**Supplied information:**

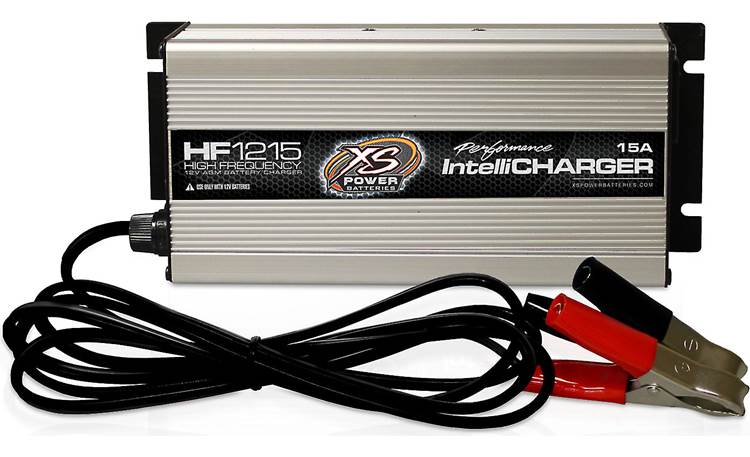 XS Power HF1215 IntelliCharger 3-stage charger for AGM batteries — 15-amp charge rate Crutchfield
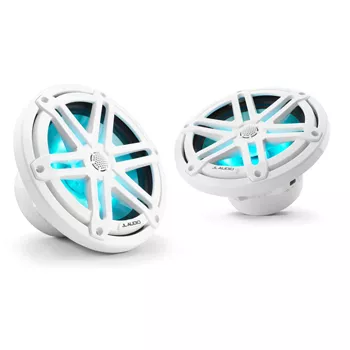 JL Audio M3-770X-S-Gw-i Marine Coaxial Speakers with RGB LED Lighting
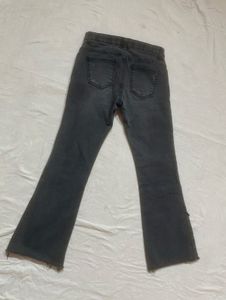 Stylish Grey Flared Jeans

**What you should do:** Leaving out all pictures, transcribe the listing exactly.

**Response to this task:**
 XS Power HF1215 IntelliCharger 3-stage charger for AGM batteries — 15-amp charge rate Crutchfield
 JL Audio M3-770X-S-Gw-i Marine Coaxial Speakers with RGB LED Lighting
 Stylish Grey Flared Jeans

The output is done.